_WHAT YOU SHOULD DO:_ Each of the lines below must be written out exactly as shown.

(Items from a dataset)

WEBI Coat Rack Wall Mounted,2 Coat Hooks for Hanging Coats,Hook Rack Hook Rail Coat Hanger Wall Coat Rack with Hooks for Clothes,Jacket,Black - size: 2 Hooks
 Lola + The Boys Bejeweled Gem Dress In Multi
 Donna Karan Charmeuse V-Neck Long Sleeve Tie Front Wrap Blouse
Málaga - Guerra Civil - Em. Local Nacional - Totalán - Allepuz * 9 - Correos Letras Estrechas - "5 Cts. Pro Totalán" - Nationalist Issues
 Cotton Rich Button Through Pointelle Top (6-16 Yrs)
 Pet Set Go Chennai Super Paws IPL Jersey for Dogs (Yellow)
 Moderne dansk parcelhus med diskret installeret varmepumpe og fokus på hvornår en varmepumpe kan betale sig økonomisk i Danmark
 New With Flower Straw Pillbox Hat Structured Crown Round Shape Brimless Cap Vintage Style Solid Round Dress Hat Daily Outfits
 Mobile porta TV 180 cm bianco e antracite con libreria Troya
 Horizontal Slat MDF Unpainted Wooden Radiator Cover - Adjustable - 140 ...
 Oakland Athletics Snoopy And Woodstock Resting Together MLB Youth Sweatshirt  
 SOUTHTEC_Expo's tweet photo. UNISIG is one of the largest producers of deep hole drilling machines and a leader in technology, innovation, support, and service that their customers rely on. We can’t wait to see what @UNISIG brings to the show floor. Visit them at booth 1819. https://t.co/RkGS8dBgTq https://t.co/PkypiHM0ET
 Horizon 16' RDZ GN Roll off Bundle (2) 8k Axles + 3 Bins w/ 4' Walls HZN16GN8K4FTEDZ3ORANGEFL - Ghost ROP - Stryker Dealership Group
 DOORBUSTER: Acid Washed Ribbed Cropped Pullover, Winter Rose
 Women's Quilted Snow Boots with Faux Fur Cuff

_RESPONSE AREA:_
WEBI Coat Rack Wall Mounted,2 Coat Hooks for Hanging Coats,Hook Rack Hook Rail Coat Hanger Wall Coat Rack with Hooks for Clothes,Jacket,Black - size: 2 Hooks
 Lola + The Boys Bejeweled Gem Dress In Multi
 Donna Karan Charmeuse V-Neck Long Sleeve Tie Front Wrap Blouse
Málaga - Guerra Civil - Em. Local Nacional - Totalán - Allepuz * 9 - Correos Letras Estrechas - "5 Cts. Pro Totalán" - Nationalist Issues
 Cotton Rich Button Through Pointelle Top (6-16 Yrs)
 Pet Set Go Chennai Super Paws IPL Jersey for Dogs (Yellow)
 Moderne dansk parcelhus med diskret installeret varmepumpe og fokus på hvornår en varmepumpe kan betale sig økonomisk i Danmark
 New With Flower Straw Pillbox Hat Structured Crown Round Shape Brimless Cap Vintage Style Solid Round Dress Hat Daily Outfits
 Mobile porta TV 180 cm bianco e antracite con libreria Troya
 Horizontal Slat MDF Unpainted Wooden Radiator Cover - Adjustable - 140 ...
 Oakland Athletics Snoopy And Woodstock Resting Together MLB Youth Sweatshirt  
 SOUTHTEC_Expo's tweet photo. UNISIG is one of the largest producers of deep hole drilling machines and a leader in technology, innovation, support, and service that their customers rely on. We can’t wait to see what @UNISIG brings to the show floor. Visit them at booth 1819. https://t.co/RkGS8dBgTq https://t.co/PkypiHM0ET
 Horizon 16' RDZ GN Roll off Bundle (2) 8k Axles + 3 Bins w/ 4' Walls HZN16GN8K4FTEDZ3ORANGEFL - Ghost ROP - Stryker Dealership Group
 DOORBUSTER: Acid Washed Ribbed Cropped Pullover, Winter Rose
 Women's Quilted Snow Boots with Faux Fur Cuff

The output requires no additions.